The Cabinet Office inquiry into the conduct of Damian Green is set to examine whether allies of the first secretary of state influenced a negative Daily Mail article about the woman who accused him of harassment, the Guardian understands.
The inquiry into Green, who is de-facto deputy prime minister, is due to conclude this week. Conservative activist and writer Kate Maltby, who is 30 years younger than Green, has told the inquiry she believes Green appeared to solicit sex from her in exchange for political mentoring.
After Maltby’s allegations were published, she was profiled by the Mail’s Andrew Pierce in a piece that called her “one very pushy lady” and said she was “determined to make it in politics – whatever the cost”.

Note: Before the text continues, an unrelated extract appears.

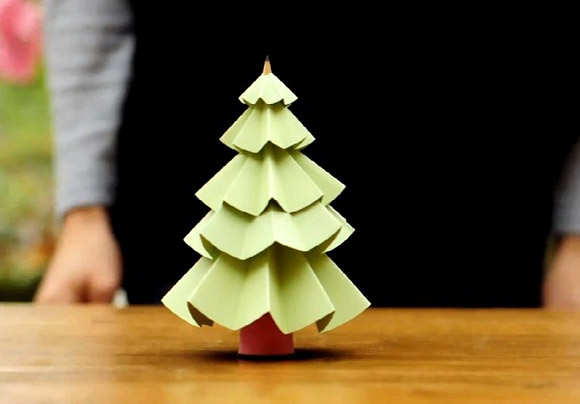Cây thông noel làm bằng giấy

Downing Street said the investigation into Green was ongoing. On Monday night, ITV News reported that Green was expected to keep his job.
In the original piece for the Times, which prompted the inquiry, Maltby said Green had fleetingly touched her knee during a meeting in a Waterloo pub in 2015 to talk about her political career, as he mentioned that his own wife was “very understanding”. She then “felt a fleeting hand against my knee – so brief it was almost deniable”.

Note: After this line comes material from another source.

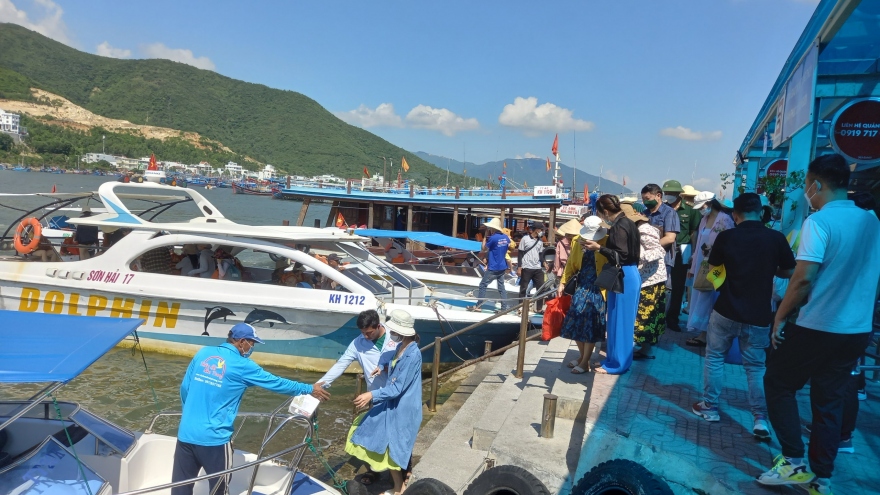 Khách du lịch đến Khánh Hòa dịp nghỉ lễ 2/9 tăng nhẹ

Maltby, who writes regularly for the Times, said Green also sent her a suggestive text message after she was pictured wearing a corset in the newspaper.
Green denies the allegations. After the article was published, he said the meeting was “two friends agreeing to meet for a regular catchup – and nothing more ... This untrue allegation has come as a complete shock and is deeply hurtful, especially from someone I considered a personal friend”.
The inquiry has been subsequently expanded to take in claims that pornography was found on his House of Commons computer when it was raided in 2008 as part of an inquiry into Home Office leaks. Green has denied accessing or viewing pornography on his computer.
The inquiry by the Cabinet Office’s Sue Gray, the director general of the propriety and ethics team, is due to report in the coming days. It is understood she has been asked to examine whether Green or his allies influenced the Mail article about Maltby that followed her piece accusing Green.
The piece, which drew significant criticism after it was published, suggested Maltby’s parents were “aghast at what she had done” by accusing Green, which she denies. The piece said she had a “flair for self-promotion” and was “keen to make her mark in politics” having helped set up the liberal Tory thinktank BrightBlue.